Böylece her işe iddia ve hırsla girişmenin önü açılıyor.
Güçlü
olmak deyişinin
altında insanın acziyetini
örtme gayreti seziliyor. Buna göre giriştiği her işi istediği şekilde sonlandırmak,
hedefine varmak için gereken şartları her halükarda sağlamak kendi uhdesinde. Böyle bir zihin
yapısının başardığı büyük işleri görmezden gelemeyiz
elbet. Ancak bu zihin temeline dayanan hareket tarzının
vardığı
sonuçların insanlık
için oldukça pahalıya mal olduğunu görmek de o kadar zor değil.
İnsanın
kendi
sınırlarını
bilmesiyle
hayatının
kolaylaşacağı,
imkânsızlıklarının bilincinde olarak davranmasının kendine hayır getireceği
izah gerektirmeyecek bir husustur. Yine de insan böbürlenmekten aldığı hazza
yenik düşerek sınır tanımamakta/sınırlarını kabullenmemekte direniyor.
Tabiat karşısında
insanın yetersizliğinden söz etmek meseleyi kavramak için en iyi yol aslında.
Teknolojideki
baş
döndüren gelişmeler tabii felaketler dolayısıyla
uğranılan
zararları engellemekten
oldukça uzak. Uğranılan zararları sadece yeterli önlemin alınmayışıyla
izah edemeyiz.
Ne kadar da önlem alınsa tabii felaketleri büsbütün ortadan kaldırmak imkân
harici. İnsan bu noktada aczini kabul etmek zorunda.
Hastalıklar
karşısında insanın çaresizliğini, gücünün sınırlarını kolaylıkla
fark edebiliyoruz. İnsan beslenmesine yeterince dikkat etse; yaptığı
işlerde bedensel sağlığı için gereken özeni gösterse, ruhsal yönden sağlığını
koruma hususunda elinden geleni yapsa dahi hastalıklardan/rahatsızlıklardan
emin olamaz.
Mutlaka bir yerlerden bedensel yahut başka türlü zafiyetler kendini göstermekte
gecikmez.
Ölüm
karşısındaki konumunu hatırlamak insanı güçlü olmak
iddiasından büsbütün vazgeçirecektir.
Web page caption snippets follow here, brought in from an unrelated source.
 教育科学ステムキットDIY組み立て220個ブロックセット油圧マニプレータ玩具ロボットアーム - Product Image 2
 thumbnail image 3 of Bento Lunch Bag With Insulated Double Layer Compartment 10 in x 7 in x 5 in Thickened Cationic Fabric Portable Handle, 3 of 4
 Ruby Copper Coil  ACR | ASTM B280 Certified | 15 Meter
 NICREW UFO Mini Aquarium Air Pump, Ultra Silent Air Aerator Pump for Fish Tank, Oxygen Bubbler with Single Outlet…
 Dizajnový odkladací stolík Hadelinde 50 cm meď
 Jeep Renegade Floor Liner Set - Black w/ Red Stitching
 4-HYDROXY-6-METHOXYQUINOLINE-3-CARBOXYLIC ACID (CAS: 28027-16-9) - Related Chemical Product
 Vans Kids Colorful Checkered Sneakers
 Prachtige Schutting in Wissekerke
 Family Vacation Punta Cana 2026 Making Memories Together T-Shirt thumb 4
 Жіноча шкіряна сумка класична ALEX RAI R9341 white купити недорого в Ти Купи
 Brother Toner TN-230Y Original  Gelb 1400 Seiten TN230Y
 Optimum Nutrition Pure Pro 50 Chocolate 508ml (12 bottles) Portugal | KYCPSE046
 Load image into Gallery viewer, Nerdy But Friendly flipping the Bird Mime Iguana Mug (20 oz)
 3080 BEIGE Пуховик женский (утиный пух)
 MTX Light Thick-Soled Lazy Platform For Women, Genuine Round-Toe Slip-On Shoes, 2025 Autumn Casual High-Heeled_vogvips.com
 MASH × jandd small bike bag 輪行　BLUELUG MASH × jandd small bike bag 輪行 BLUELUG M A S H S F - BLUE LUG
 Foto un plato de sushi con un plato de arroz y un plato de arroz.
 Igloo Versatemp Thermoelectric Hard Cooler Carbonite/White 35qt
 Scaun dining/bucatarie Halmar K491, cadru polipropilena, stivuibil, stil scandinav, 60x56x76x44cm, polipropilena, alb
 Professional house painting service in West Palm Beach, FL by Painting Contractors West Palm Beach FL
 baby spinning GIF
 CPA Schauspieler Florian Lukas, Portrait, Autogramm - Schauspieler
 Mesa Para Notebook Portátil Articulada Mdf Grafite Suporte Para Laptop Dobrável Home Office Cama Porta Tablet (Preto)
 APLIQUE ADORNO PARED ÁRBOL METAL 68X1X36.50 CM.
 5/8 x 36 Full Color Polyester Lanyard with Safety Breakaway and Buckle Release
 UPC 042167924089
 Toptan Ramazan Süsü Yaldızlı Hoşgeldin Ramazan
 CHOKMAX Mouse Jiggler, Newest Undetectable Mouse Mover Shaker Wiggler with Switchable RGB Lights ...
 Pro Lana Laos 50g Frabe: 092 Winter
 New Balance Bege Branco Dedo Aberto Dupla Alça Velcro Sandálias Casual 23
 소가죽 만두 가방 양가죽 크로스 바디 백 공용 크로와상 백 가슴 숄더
Çünkü ölüm çoğu kez
habersiz gelen misafir olarak karşımıza çıkar. Ölüm sağlık, gençlik, dinçlik
dinlemeden gelir. Ölüm geldiğinde vakti değil denilemez, şimdi yeri mi diye
sorulamaz. İnsana sınırlarını hatırlatan, aczini bildiren hayatın en
önemli gerçeklerindendir ölüm; ertelenemeyendir.
Güçlü olmak
iddiasıyla mı, yoksa ahlakı temel alarak mı eyleme geçmeli? Eylemlerimize gücün
yön vermesi ile ahlakın yön vermesinin bizi ulaştıracağı sonuçlar farklı
olacaktır. Gücünü öne çıkararak eyleme
geçmesi insanın ahlaki davranma kaygısından uzaklaşmasına yol açar.
Başkalarına, çevreye zarar vermekten çekinmez güçlü olmak iddiasının
sahibi.
Güçlü
olmak peşindeki insan güç toplamak, gücünü perçinlemek amacıyla daha baştan
yanlışların ağına düşmekten kurtulamaz. Başkalarının kendinden güçlü olduğunu
düşünmesiyle birlikte onlara güç yetirmek için atacağı adımlar
yanılgılarını körükler.
Tabiat karşısında
yetersizliği,
hastalıklar
karşısında zayıflığı, ölüm karşısında acizliği göz önüne alındığında insanın güçlü olmak iddiasının
bir vehimden ibaret olduğu gerçeği belirginleşir.
İnsana düşen
acziyetini itiraf etmektir. Sınırlarını bilerek, aczini kabullenerek güçlü olmak
hevesinden vazgeçtiği noktada insan hak ettiği konuma ermiş demektir. Yetersizliğini
kabullenmek suretiyle insan, felaha
bir adım daha yaklaşır. İnsan zayıf yaratılmış olduğunun bilinciyle hayatın
dünyadan ibaret olmadığı kavrayışını elde eder. Bu kavrayışın sağladığı hesap
verme endişesi onu kulluk konumuna yerleştirir.